After she poured out the tea to read the residual leaves, Tabitha saw a fruit bat (more fruit themes coming through) near the rim of the teacup. The fruit bat’s wings were outstretched in flight. This reading took place on August 9, 2015, just one week before BATS (Bay Area Tarot Symposium). Hum. Interesting.
Yet back to addressing my question, Tabitha noted that the bat could indicate long nocturnal hours working on writing. Funny she should mention that. Normally I tend to be a morning writer, and I wake up at the crack of dawn, brew my coffee, and do my writing before I head in to the office for work. However, lately that has not been enough. There is just too much writing to get done, so I was thinking about extending my waking hours into the night as well, so that I could get substantive writing time both in the wee morning hours and wee late hours. Before I reached any conclusions, I got Tabitha’s reading. Fascinating how thoughts and vibrations commingle.

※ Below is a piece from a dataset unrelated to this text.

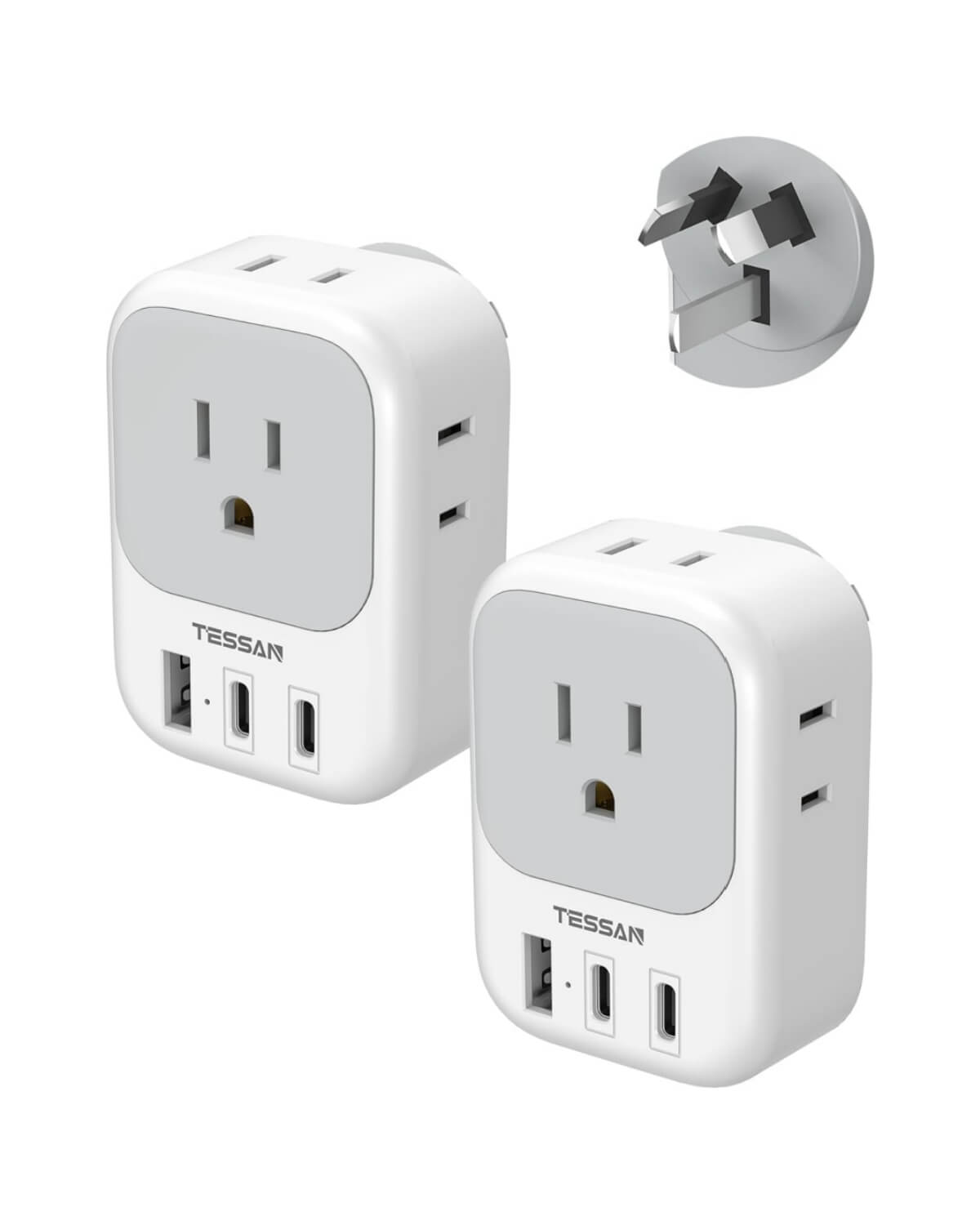 TESSAN Australia Travel Adaptor with 4 American Outlets 3 USB Charger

Per Chinese symbology, the bat also symbolizes prosperity because the character for “bat” (蝠, Fú) is similar to the character for “prosperity” (福, Fú), and both are pronounced the same. According to the Chinese, homophones are synchronicities that they pay attention to and interpret. Since “bat” sounds like “prosperity” in Chinese, it only makes sense (according to this line of logic) that a bat represents prosperity. So I interpreted the bat symbol here as meaning good luck and fortune in writing endeavors. Hey, I’m an optimist. The teacup is half full, not half empty, for me.
Tabitha touched upon the same meaning as well. She noted that to her, the bat symbolized harvest, and that the harvest would yield greater and greater results. Yay! Tabitha also pointed out the dots along the rim of the teacup, toward the handle. Dots symbolize money. Double yay.
However, not all is sunshine and rainbows. Below the bat, in the realm of the present, there was a stern looking face. I’ve circled the face in red for your easy identification. It is just below the bat, and the in-flight bat seems to be looking down at the face. Tabitha saw that as “facing” something, and she may be right. There may be some facing of truths or even confrontations involved before I can achieve the promises of the fruit bat.
At the bottom of my teacup, Tabitha saw another bat, though she commented that it also resembled a rabbit wearing wings. What’s more, the “W” that she noted appeared at the bottom of my cup could be a sign of validation that I am on the right track, i.e., W for Writer. (Or W for Woo? Since I write about Woo nowadays?)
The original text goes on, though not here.